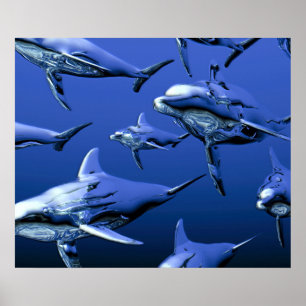 Poster Dauphin bleu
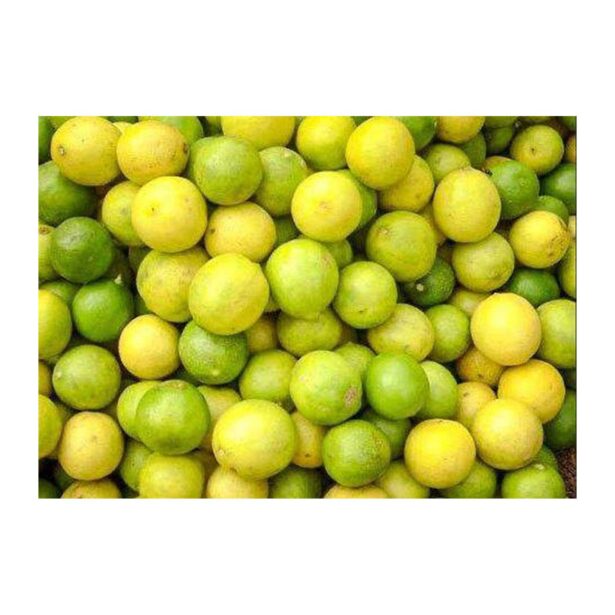LEMON 300GM
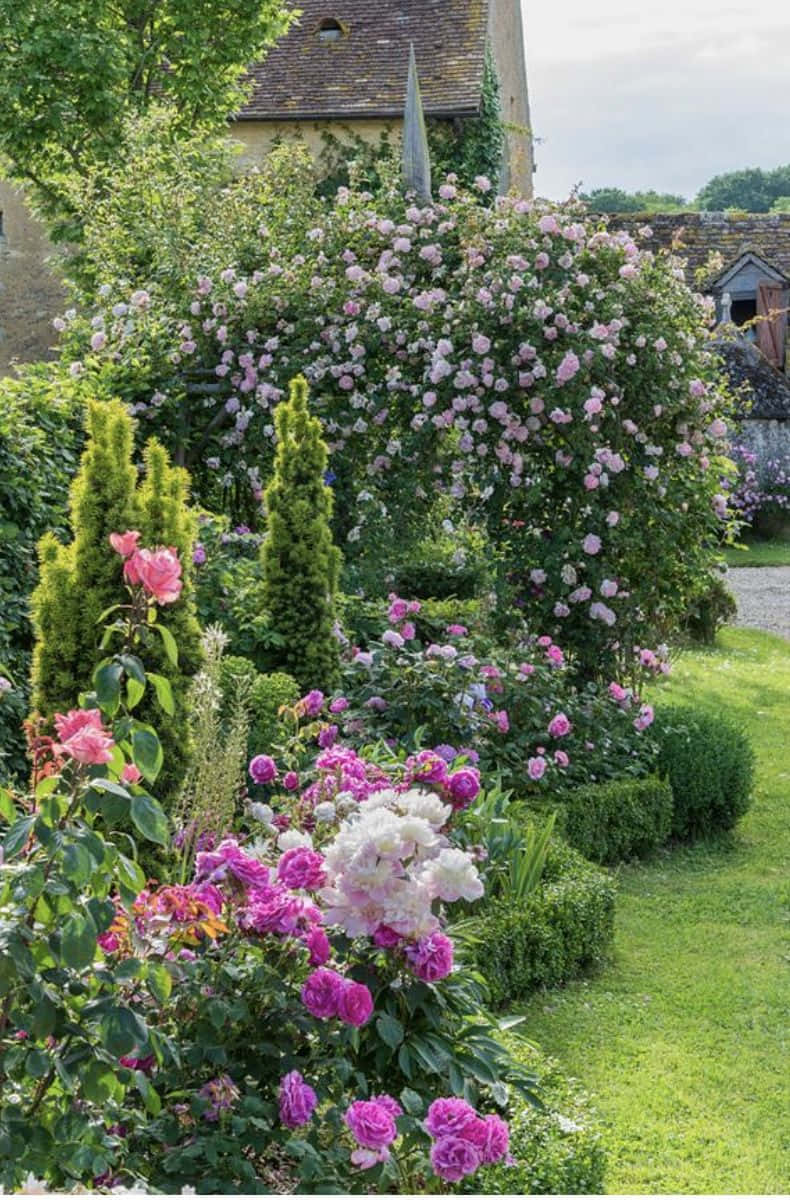 English Rose Garden, pink and white roses, stone wall, SD Phone Wallpaper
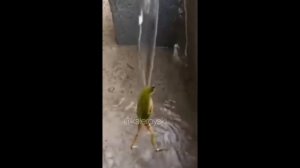 ЛЯГУШКА ТАНЦУЕТ В ДУШЕ ПОД ВОЯЖ ВОЯЖ НА ПРОТЯЖЕНИИ 1 ЧАСА (ТИК ТОК)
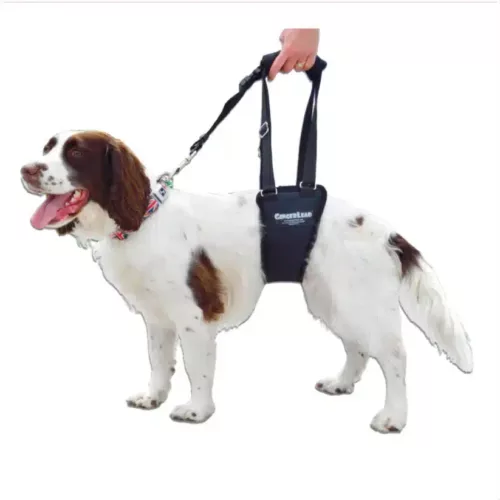 english spaniel with a support harness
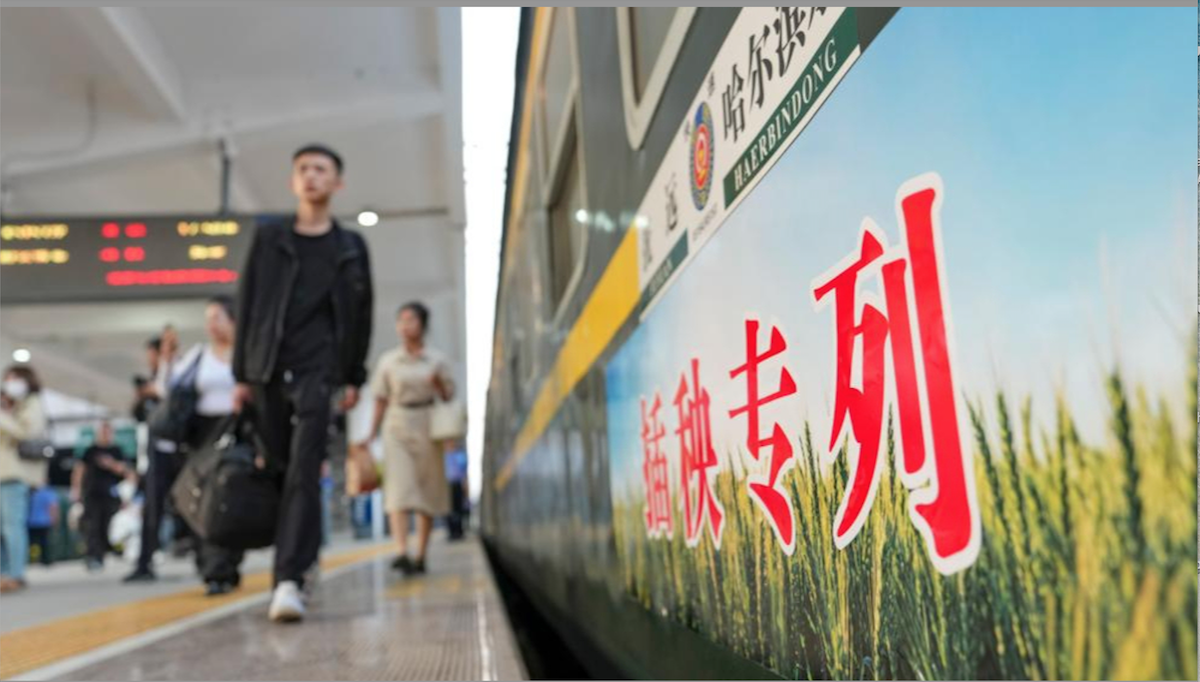 Los ingresos de la industria digital de China aumentan 12,9% en el primer trimestre de 2026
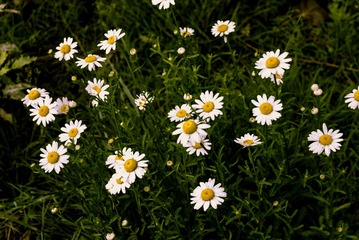 P1070519
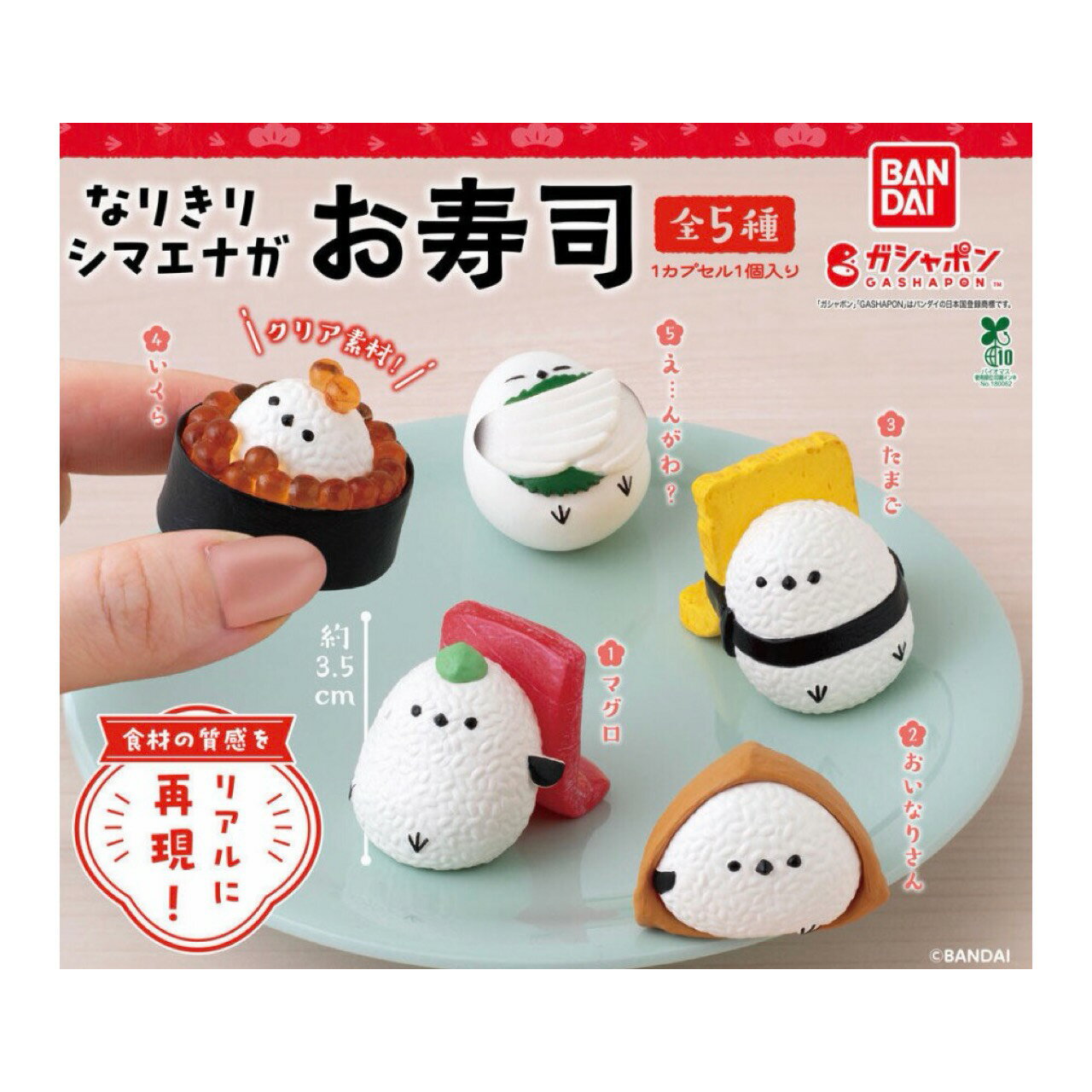 楽天市場】すみっこぐらし なりきりおすしの通販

- _WHAT TO DO_
Output exactly and only the lines from the line containing "English Rose Garden, pink" to the end of the entries, both included, and omit every picture.

- _RESPONSE TO THE TASK_
 English Rose Garden, pink and white roses, stone wall, SD Phone Wallpaper
 ЛЯГУШКА ТАНЦУЕТ В ДУШЕ ПОД ВОЯЖ ВОЯЖ НА ПРОТЯЖЕНИИ 1 ЧАСА (ТИК ТОК)
 english spaniel with a support harness
 Los ingresos de la industria digital de China aumentan 12,9% en el primer trimestre de 2026
 P1070519
 楽天市場】すみっこぐらし なりきりおすしの通販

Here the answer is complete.